Attractive margins may spur local slaughterhouses that had suspended production over the past few years to resume operations, Agroconsult's Nogueira said. Marfrig, Brazil's second-largest beef producer, said July 3 it decided to reopen two slaughterhouses in Brazil's Center-West region and increase the use of four other plants as it seeks to expand capacity by 25 percent, citing higher cattle supplies and improved economic conditions, Minerva is also resuming operations in a plant in Mato Grosso, it said last month.
Marfrig's shares rose 2.2 percent to 6.60 reais at 3:38 p.m. in Sao Paulo. JBS fell 0.4 percent to 6.92 reais, while Minerva dropped 1.2 percent to 12.49 reais.
HOGS: (High Plains Journal) -- Pork producers have been dealing with not having enough rail space at packing plants for several years. The opening of the Seaboard Triumph plant in Sioux City, Iowa, should help relieve some of that pressure.
Mark Porter, COO and president of Seaboard Triumph Foods, said the plant should be online no later than Sept. 1, with a slow ramp-up as they grow the number of workers to its expected total of 2,000.
The $300 million plant had been originally forecasted to go online around July 31, but Porter said the company needed more time to get equipment into place and complete the commissioning process before the 925,000-square-foot plant becomes operational.
"Our staffing plan has a comprehensive strategy and we don't want to hurt any other companies in the area by taking their employees," said Porter.
The economic impact of the plant to the Sioux City area will be about $100 million per year once it reaches 2,000 employees. Initially, 1,100 folks will work at the plant. Seaboard will use employees from plants in six other states to help train employees at the Sioux City plant.
Seaboard Foods and Triumph Foods have teamed up for the Sioux City plant. They will also team up for the strategy to supply pigs to the plant. One-third of the supply will come from Seaboard sources, one-third will be from Triumph sources and one-third will come from local pork producers. The pig supply has been actively lined up for the past nine months in order for the supplies to be available when the plant does come online. The plant will start at harvesting 10,000 head per day and eventually be able to slaughter 21,000 head per day.

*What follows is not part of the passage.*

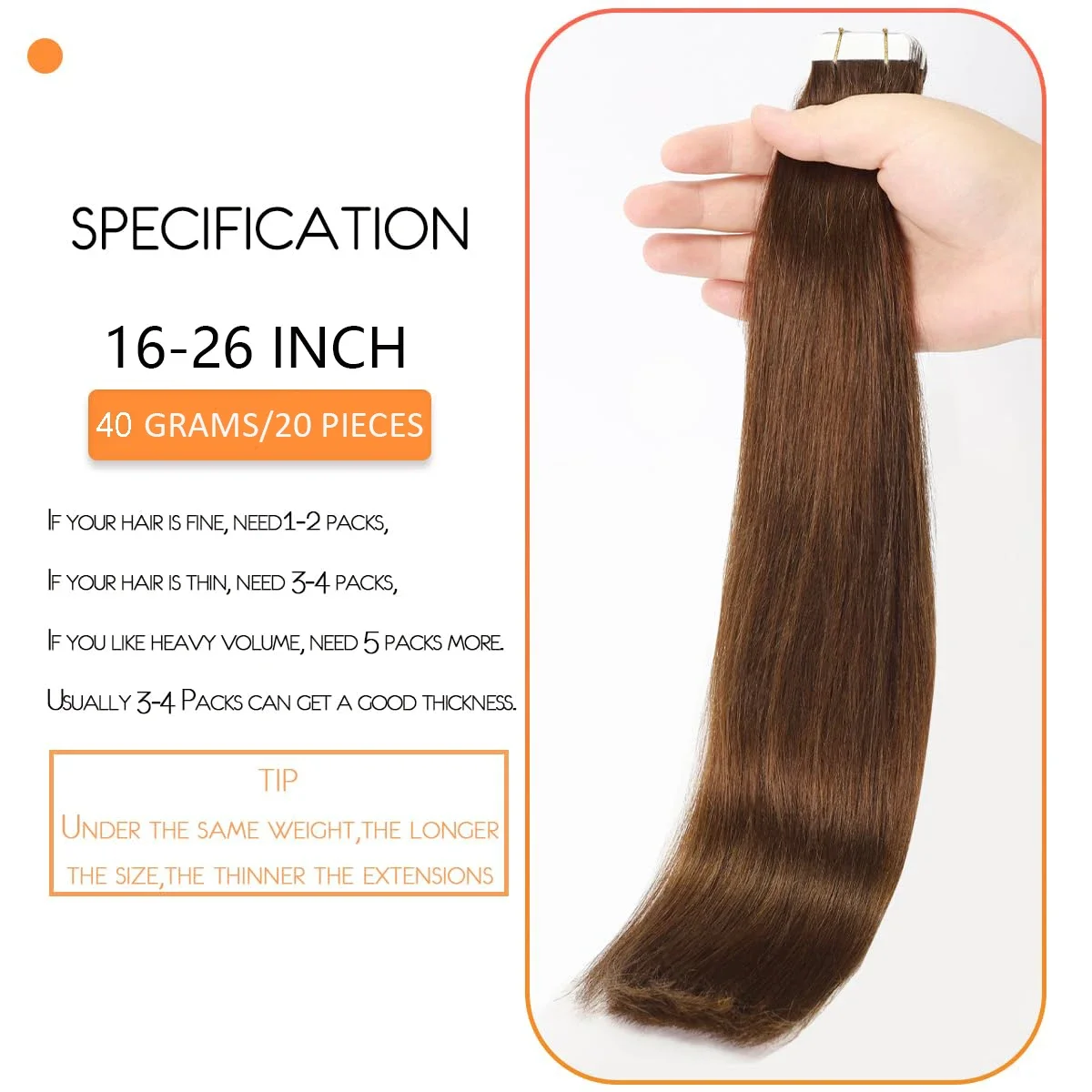 Extensii de păr cu bandă adezivă, păr natural, maro, drept, Remy, fără cusături, invizibil, 20 buc., 16-26 inch_voghion.com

Seaboard Foods currently sells pork to 30 countries which 30 percent of their product being sent overseas. The Seaboard Triumph plant will be one of the largest pork plants in the country.
"The only thing we waste is the squeal," Porter said. "We'll not only feed the world with billions of pounds of pork, but also be a major supplier into pet food, animal feed and pharmaceutical industries."
The opening of the Seaboard Triumph plant will bring a positive impact to the area as well as the pork industry, with a support of pork prices with more slaughter space available.